|
With America's entry into World War I in 1917, New York benefited from wartime trade and commerce. Perhaps surprisingly, there was little conflict between the various European communities crammed into the city. Although Germans comprised roughly one-fifth of the city's population, there were few of the attacks on their lives or property that occurred elsewhere in the country.

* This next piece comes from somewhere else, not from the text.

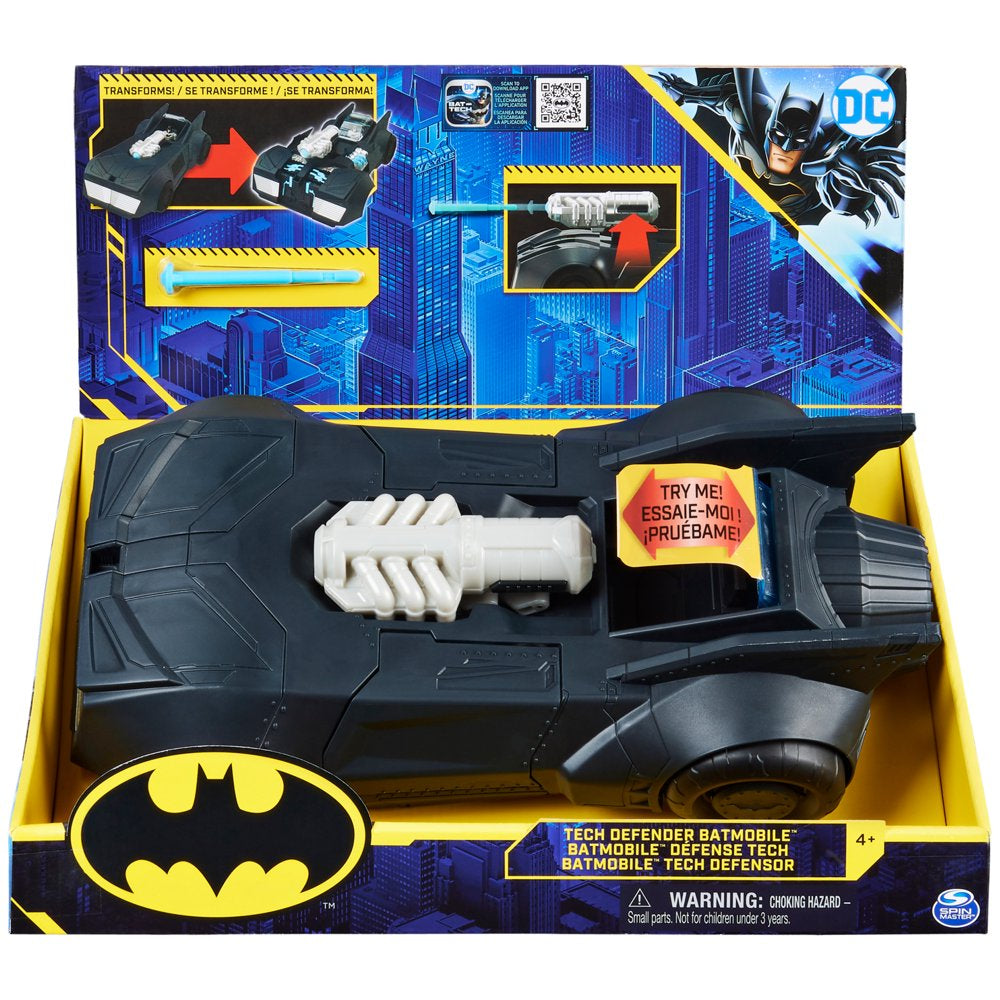 Batman, Tech Defender Batmobile with Blaster Launcher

The postwar years saw one law and one character dominating the New York scene: the law was Prohibition , passed in 1920 (and not repealed until 1933) in an attempt to sober up the nation; the character was Jimmy Walker , elected mayor in 1925. Walker led a far from sober lifestyle, "No civilized man," he said, "goes to bed the same day he wakes up," and it was during his flamboyant career that the Jazz Age came to the city. In speakeasies all over town the bootleg liquor flowed and writers as diverse as Damon Runyon, F. Scott Fitzgerald, and Ernest Hemingway portrayed the excitement of the times and musicians such as George Gershwin and Benny Goodman packed nightclubs with their new sound.
With the Wall Street crash of 1929 the party came to an abrupt end. Yet during the Depression three of New York's most opulent - and most beautiful - skyscrapers were built: the Chrysler Building in 1930, the Empire State in 1931 and in 1932 Rockefeller Center - all very impressive, but of little immediate help to those in the other depressed parts of the city.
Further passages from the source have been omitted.